He agreed a sugar tax was an effective way of reducing people’s intake.

University of California Berkley Associate Professor Kristine Madsen, who will speak at the symposium via video link, was senior study author for a project which monitored the impact of a sugary drinks tax introduced in Berkeley in March 2015.

The study showed a 21 per cent drop in the drinking of sugary beverages in the city’s low-income neighbourhoods after the penny-per-ounce tax was imposed.

Coca-Cola Oceania general manager Sandhya Pillay said sugar and tobacco were entirely different because tobacco was harmful when consumed at any level but sugar was fine in moderation.

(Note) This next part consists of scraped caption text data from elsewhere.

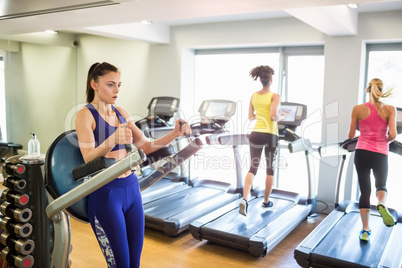 Fit people working out using machines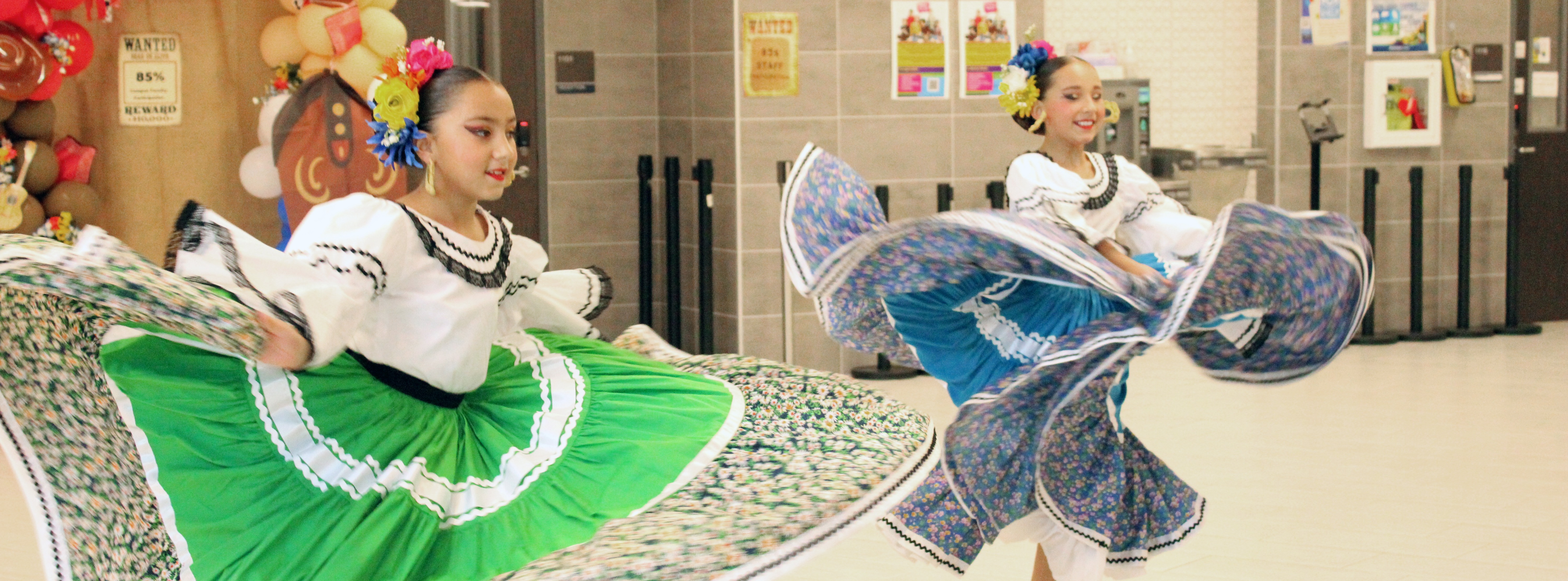 Two young girls in colorful dresses dance in a room with a tiled floor and decorations.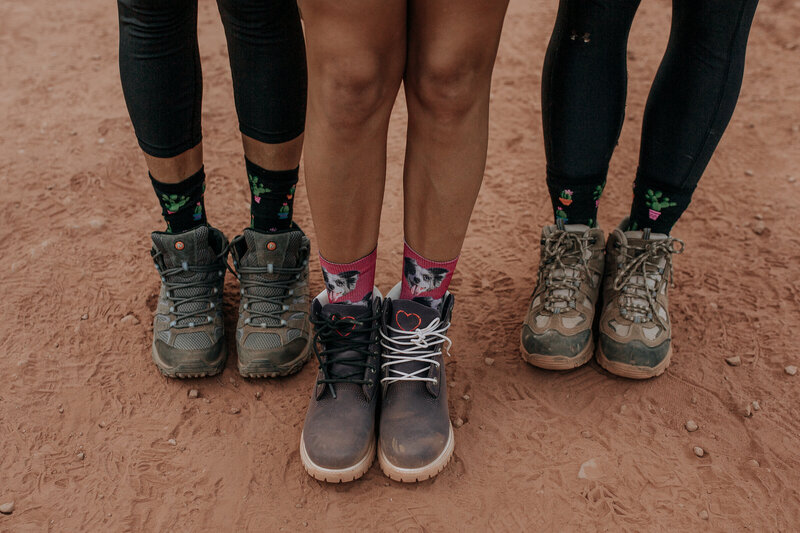 mathcing socks to hike in for their elopement in sedona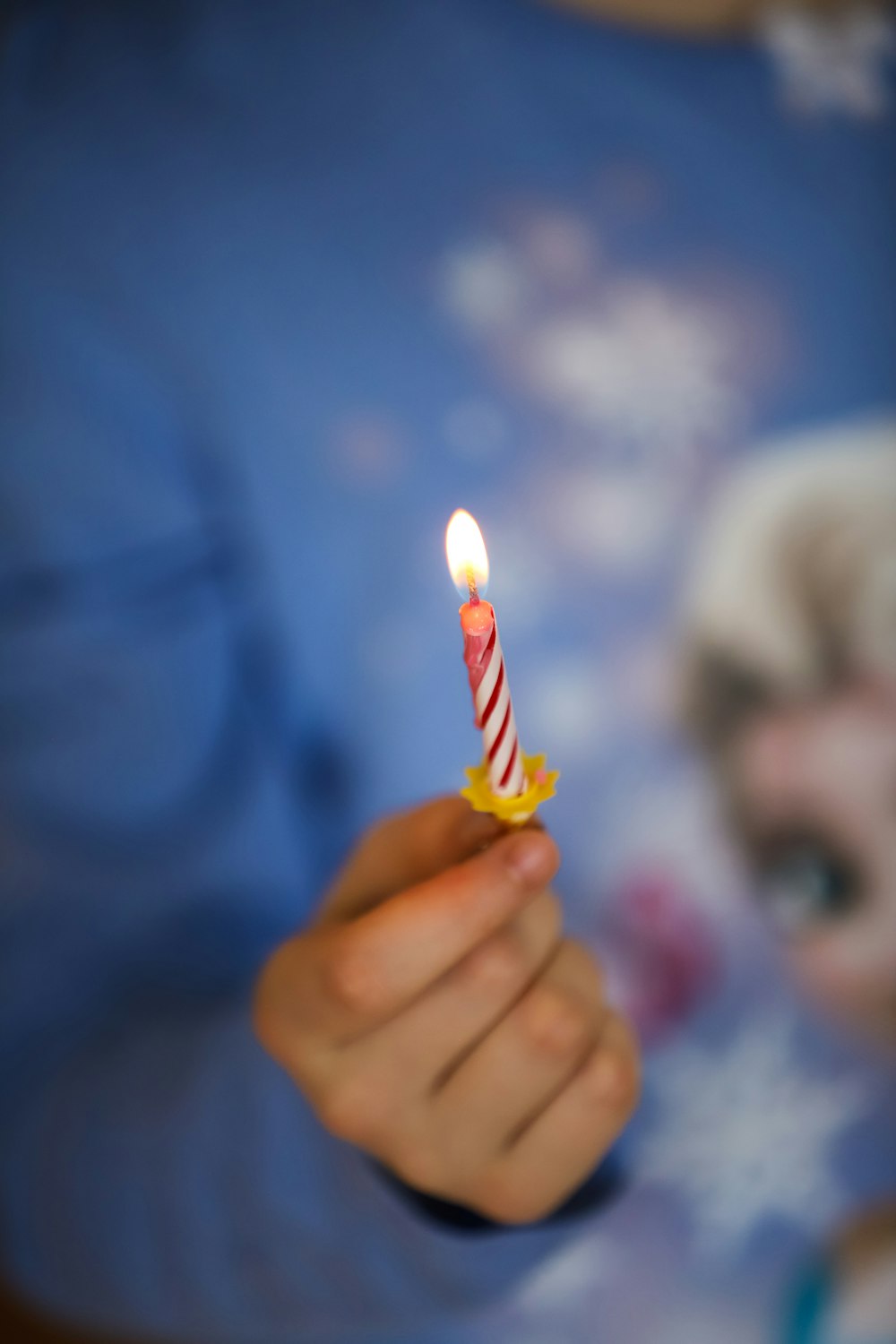 person holding yellow and red candy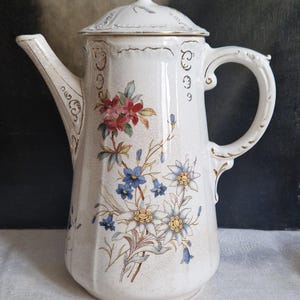 Könnte beinhalten: Antike weiße Keramik-Kaffeekanne mit Deckel, verziert mit Blumenmustern in Rot, Blau und Gelb. Die Kanne hat einen gebogenen Ausguss, einen dekorativen Griff und goldfarbene Verzierungen. Ein Vintage-Stück.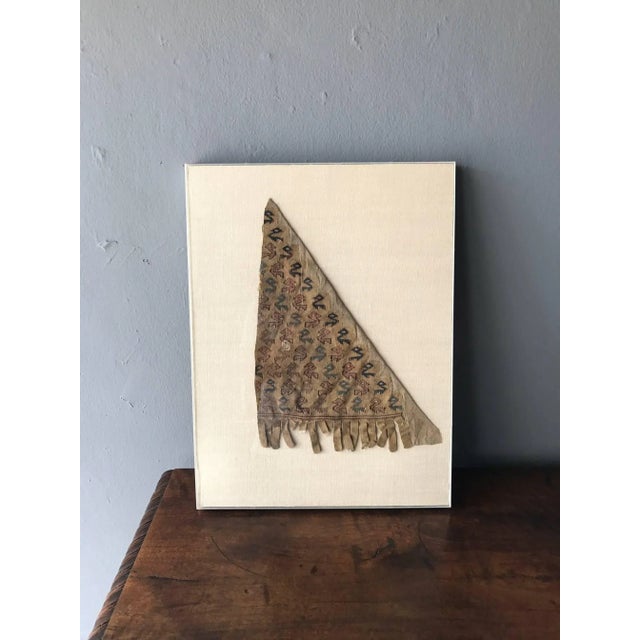 An antique pre-Columbia textile fragment likely from Peru Chancay culture in Central coast that thrived in the late...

She said the company opposed a “discriminatory sugary drink tax” because current analysis indicated it had “no measurable impact on reducing obesity”.

Coca-Cola had been actively promoting the new Coca-Cola No Sugar and a third of sales in New Zealand were now low or no sugar, she said.

Health Minister Dr Jonathan Coleman said the party’s position on sugar tax hadn’t changed and was not something being considered.

“We are continuing to keep a watching brief on the emerging evidence and practice. There’s no single solution that will fix obesity. That’s why we’ve implemented a Childhood Obesity Plan.”

The day-long symposium will end with a political panel discussing a sugary drink tax.